パスワードファイルからデータベースを作成

postmap /etc/postfix/smtp-auth-passwd
smtp-auth-passwd.dbというファイルができます。

パスワードファイルを削除

rm -rf /etc/postfix/smtp-auth-passwd

メールサービスの調整を実施

以下のコマンドを実行し、メールサービスを調整します。

/etc/init.d/sendmail stop
chkconfig sendmail off
chkconfig postfix on
/etc/init.d/postfix restart

コマンドの説明は以下のとおりです。

  • sendmailが動作している場合、postfixの起動でこけるため停止します。
  • sendmailが自動起動しないように設定します。
  • postfixが自動起動するように設定します。
  • postfixを起動します。(起動しているときのためにrestartにしています。)

以上でメールサーバー側の準備は終わりです。

DNS逆引き設定

メールサーバーの逆引き設定を実施します。
設定は、DNS管理者に確認の上実施をお願いします。

今回のサーバーがAWSでしたので、参考までにAWSの方法を紹介します。

以下より申請します。
https://aws.amazon.com/forms/ec2-email-limit-rdns-request

申請から、2時間後程度で完了メールがきました。

受信したメールがSOFTFAILになる

当初、postfixの設定で myhostname , mydomain , myorigin の変更が漏れていて、メール送信をするとGmailで受信したメールが迷惑フォルダに割り振られてしまいました。
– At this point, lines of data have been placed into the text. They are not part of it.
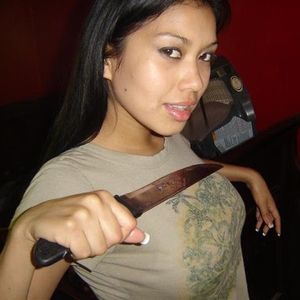 Profile Picture of Leslie Lock (@dfhdj4) on Myspace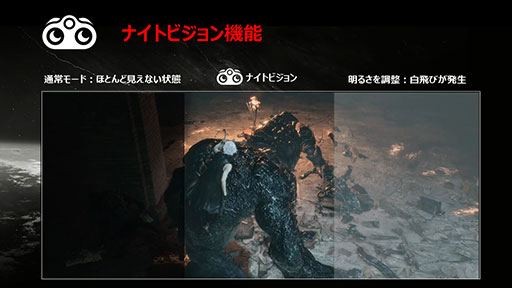 ���������꡼ No.008�Υ���ͥ������ / MSI��200Hzɽ���б���2560��1080�ɥåȤ�29.5���ǥ����ץ쥤��ȯ��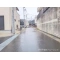 【埼玉県/川口市大字赤井】川口市大字赤井　新築一戸建て 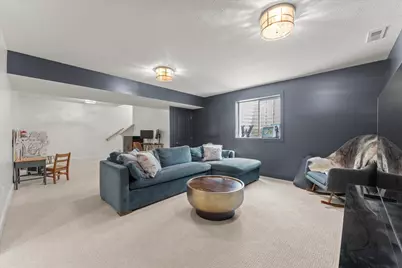 305 Newhaven Lane, Savoy, IL 61874 - Photo 40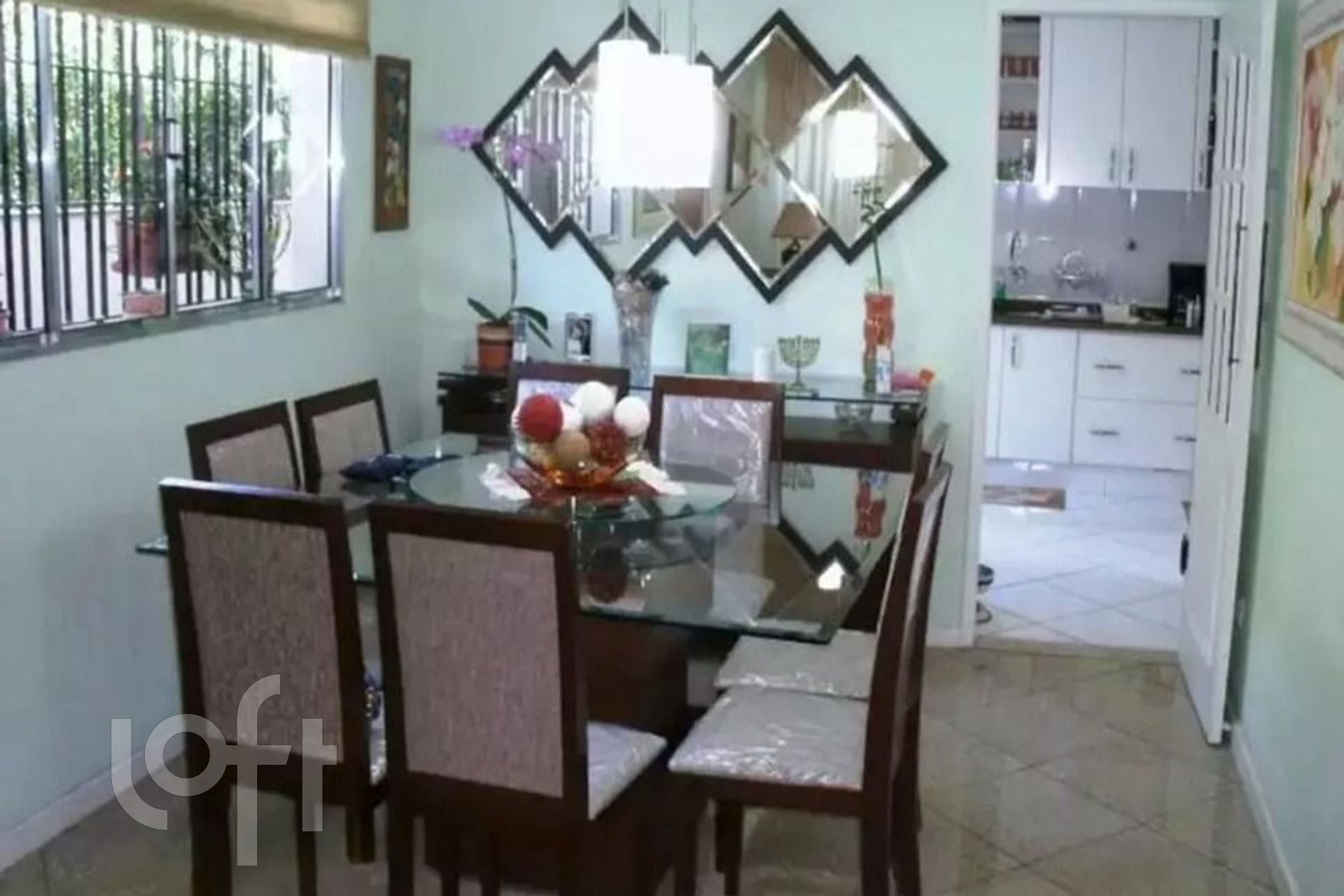 Imagem da propriedade PU1db285f 5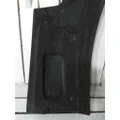 PETERBILT 579 FENDER EXTENSION thumbnail 7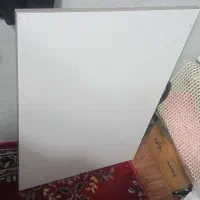 میز تحریر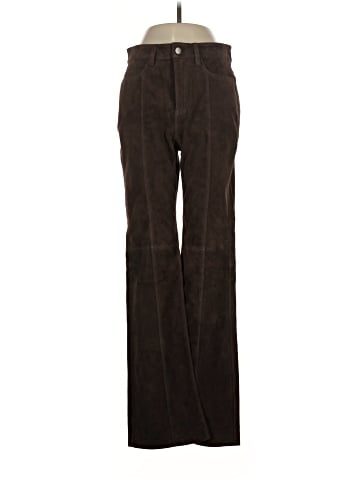 J. McLaughlin Jeans (view 1)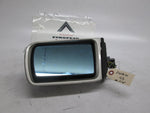 Mercedes W210 E Class left door mirror 96-99 #114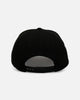 New Era St. Louis Cardinals 'Black And White' 9FORTY A-Frame Snapback Black/White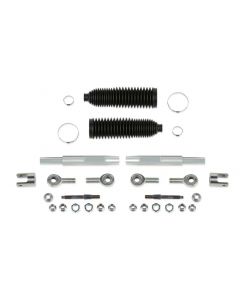 Fabtech 2021 Ford Bronco Tie Rod Heim Kit buy in USA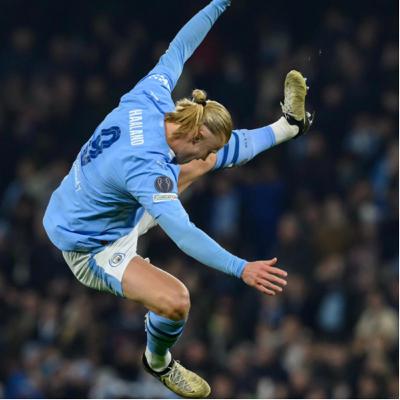 (fplbg)GW-33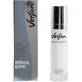 Версія Retinol Elixir Retinol and Hyaluronic Acid Нічний крем для обличчя проти старіння та плям з ретинолом і гіалуроновою кислотою 50мл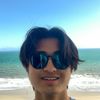 Michael Pham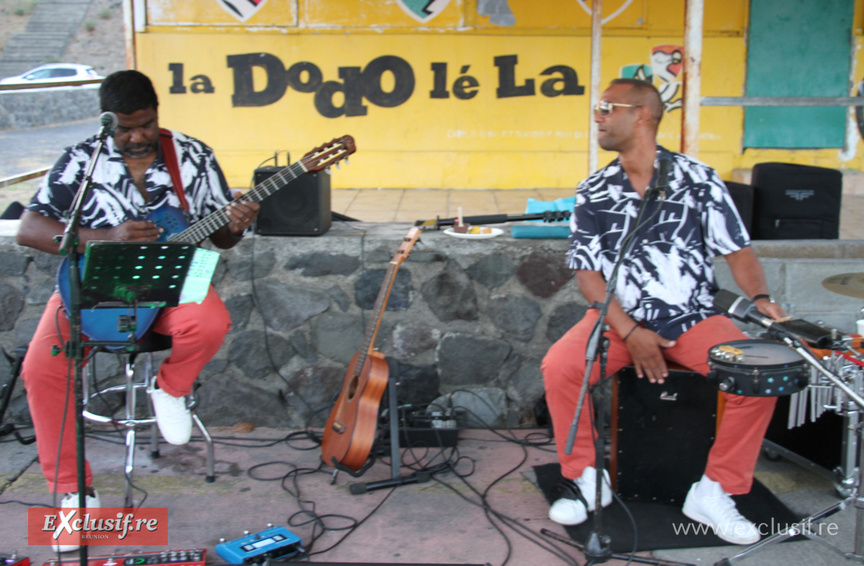 Oyster World Rally: les voiliers font le tour du monde et sont passés par La Réunion Oyster World Rally: les voiliers font le tour du monde et sont passés par La Réunion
原因は、Return-PathのドメインがSPFを指定しているドメインと一致していないためでした。

解決には以下のページを参考にさせていただきました。
GMailにメールするとSPFがsoftfailする -でじうぃき

このメールのヘッダーを確認すると、SPFSOFTFAIL になっていました。


myhostname , mydomain , myorigin の設定を実施したあとにリトライすると迷惑メール判定とならず、SPS チェックも PASS となりました。

あとがき

Gmailと連携したメールリレーは使い勝手のよさから利用されている方も多くいるのではないでしょうか。
Zabbixのような通報サービスと連携等、応用は様々です。

今回の紹介では迷惑メールフォルダに分類されてしまう、という現象にも遭遇したため併せて紹介させていただきました。

皆様の参考になれば幸いです。
それでは次回の記事でお会いしましょう。